Lo cierto es que grandes, chicos, ricos y pobres, lo acompañaron compungidamente hasta que, entrada la madrugada, un grito y una aparición desmesurada los sumió en el más profundo de los terrores.


Qué decía la gente
   Los testimonios orales hablan de una mujer de largo y ondeante vestido blanco, en parte hecho jirones, con abundante cabello desgreñado tapándole el rostro; irrumpiendo en el lugar, llorando a gritos e inundando el ambiente de un débil aroma a agua de rosas mezclado con podredumbre. 

   Abriéndose paso hacia el féretro, saltando hacia el cajón, abrazando los restos mortales, la monstruosa criatura lloró desconsoladamente ante los parroquianos.
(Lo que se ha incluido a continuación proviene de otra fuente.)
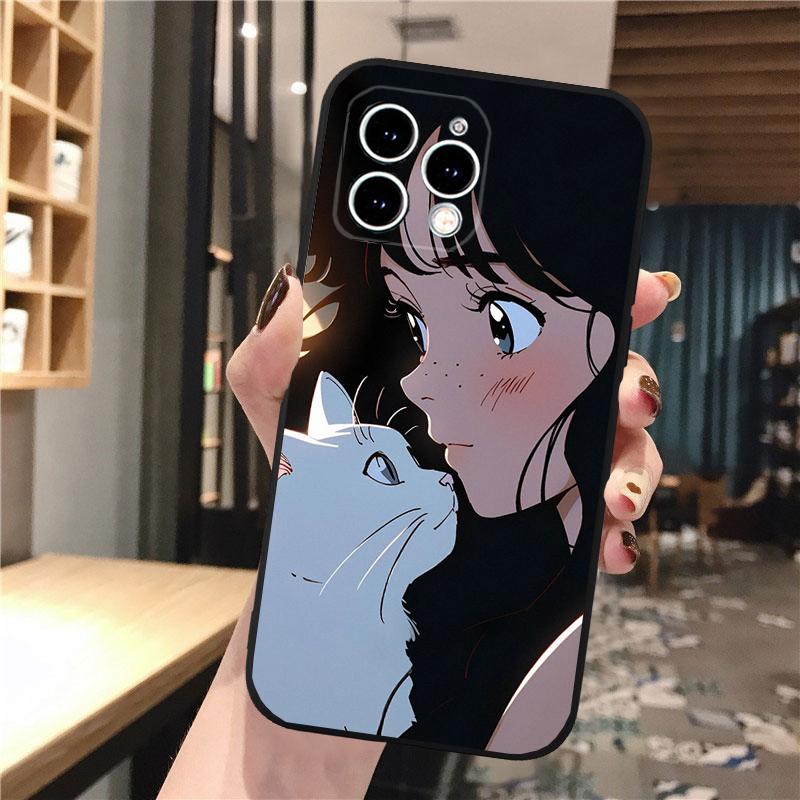 Anime Girl Woman Holding a Cat Phone Case For iphone 16 15 14 Pro Max 16 15 14 13 12 Pro 15Plus iphone 11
   Estos, con mirada atónita y horror sagrado, comprobaron mientras se santiguaban, que el rostro de la dama bestial era el de Celina; a quien sabían muerta, y quien ahora los miraba desafiante, encaramada sobre el féretro de su amante como un animal con su presa, con el rostro desencajado y la boca abierta.

   La figura de esfumó ante la concurrencia y, los más valientes, se apresuraron a cerrar el cajón, entre desmayos múltiples y lejanos aullidos de perros desaforados.

   Los días, meses y años, transcurrieron sepultando estas memorias, pero algunos recordaban que ya entrado el siglo pasado, tanto en 1905 con la inauguración de la reforma de nuestra iglesia central como en 1929, con la puesta en funcionamiento del campanario, comenzaron a registrarse apariciones de una mujer como la descripta.

   En diferentes espacios del casco histórico se registran, desde hace una centuria, relatos de su avistamiento: siempre gemidos lastimeros que, al oírse y llamar la atención de un testigo incauto, hacen que se la vea nuevamente, durante fracciones de segundos, amenazante y viva...

   Llantos desgarradores en la Plaza Rivadavia; fugaz movimiento de sombras frente a la Catedral, donde se la ha divisado aún en estos tiempos, a veces hincada frente a los portales, descolocando a conductores que la ven con sorpresa, pero no vuelven a divisarla en los espejos retrovisores.

   De rodillas, desgreñada y sin rostro, llora provocando terror y atraviesa, no solamente los muros del templo, sino también nuestro imaginario colectivo; desde ayer y para siempre.